Dass eine Internetseite oder Präsenz in den sozialen Netzwerken für die lokalen Einzelhändler wichtig ist, habe sich gerade durch die Corona-Krise bestätigt. Bei vielen Forchheimer Händlern habe mittlerweile ein Umdenken stattgefunden. Über den Verein HeimFOrteil habe man den Mitgliedern ein Social-Media-Coaching angeboten, bei dem den Händlern erklärt wurde, wie sie sich richtig auf Instagram präsentieren, was in den sozialen Medien wichtig ist.

Laut einer Digitalanalyse, die die Forchheimer Kommunikationsexpertin Annika Leopold Anfang 2020 für die Stadt Forchheim vorgestellt hat, hatten vor der Corona-Krise 41 Prozent der insgesamt 185 analysierten Forchheimer Händler keine eigene Internetseite (Stand: November 2019). Gut vertretene Branchen waren laut Studie Gastronomie, Friseure und Modegeschäfte.

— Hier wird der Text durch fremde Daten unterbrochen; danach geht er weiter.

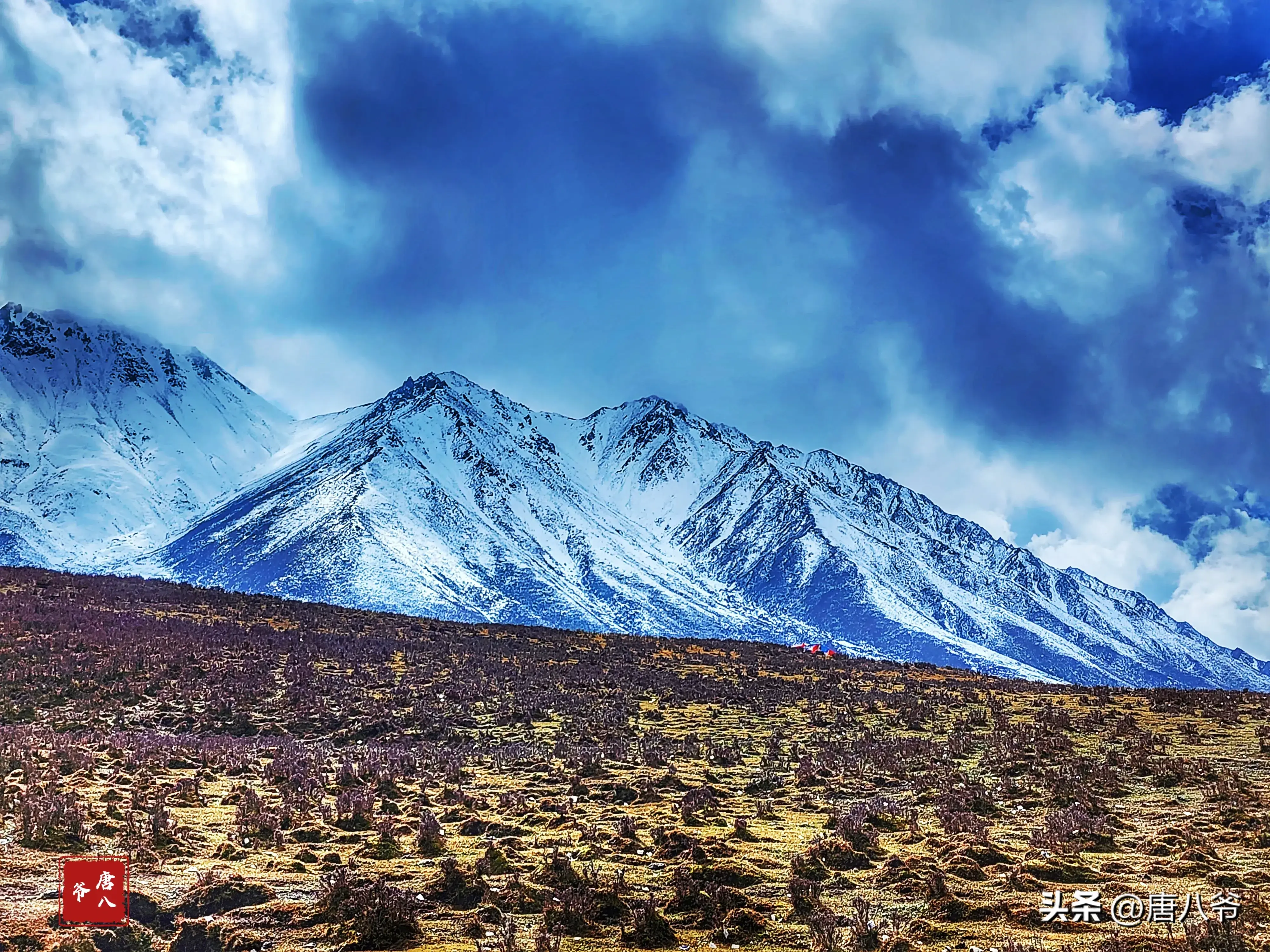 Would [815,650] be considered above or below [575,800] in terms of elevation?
above

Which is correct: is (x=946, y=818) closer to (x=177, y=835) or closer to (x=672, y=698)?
(x=177, y=835)

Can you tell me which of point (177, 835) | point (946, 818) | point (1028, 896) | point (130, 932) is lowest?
point (130, 932)

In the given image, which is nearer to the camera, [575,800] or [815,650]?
[575,800]

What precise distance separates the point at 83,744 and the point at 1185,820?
1094 inches

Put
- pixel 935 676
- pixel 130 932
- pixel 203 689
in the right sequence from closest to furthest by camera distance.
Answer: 1. pixel 130 932
2. pixel 203 689
3. pixel 935 676

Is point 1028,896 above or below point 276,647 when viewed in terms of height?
below

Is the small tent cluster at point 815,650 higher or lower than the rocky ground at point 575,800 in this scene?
higher

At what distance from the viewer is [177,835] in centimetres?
1619

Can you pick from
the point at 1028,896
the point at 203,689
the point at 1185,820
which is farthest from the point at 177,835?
the point at 1185,820

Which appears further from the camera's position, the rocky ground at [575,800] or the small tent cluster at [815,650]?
the small tent cluster at [815,650]

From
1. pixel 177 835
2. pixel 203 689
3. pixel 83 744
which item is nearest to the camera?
pixel 177 835

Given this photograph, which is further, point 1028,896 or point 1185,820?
point 1185,820

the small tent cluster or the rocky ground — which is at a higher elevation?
the small tent cluster

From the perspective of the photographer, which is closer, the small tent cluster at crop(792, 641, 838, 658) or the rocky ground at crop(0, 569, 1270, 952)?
the rocky ground at crop(0, 569, 1270, 952)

Kommentar von Franziska Rieger: David gegen Goliath

Während der Versandriese mit dem großen Lächeln im Logo wegen der Corona-Krise satte Gewinne einfährt, leiden die Einzelhändler in unseren Innenstädten. Gebeutelt genug mussten sie auch noch auf ihre wichtigste Lockdown-Einnahme verzichten: Das Geschäft mit dem Abholservice. Das ändert sich ab Montag wieder. Jetzt liegt es an uns, den Verbrauchern, dieses Angebot auch anzunehmen und das neue Lieblingsbuch oder die Babyrassel lieber über den lokalen Einzelhändler statt den großen Versandriesen zu bestellen.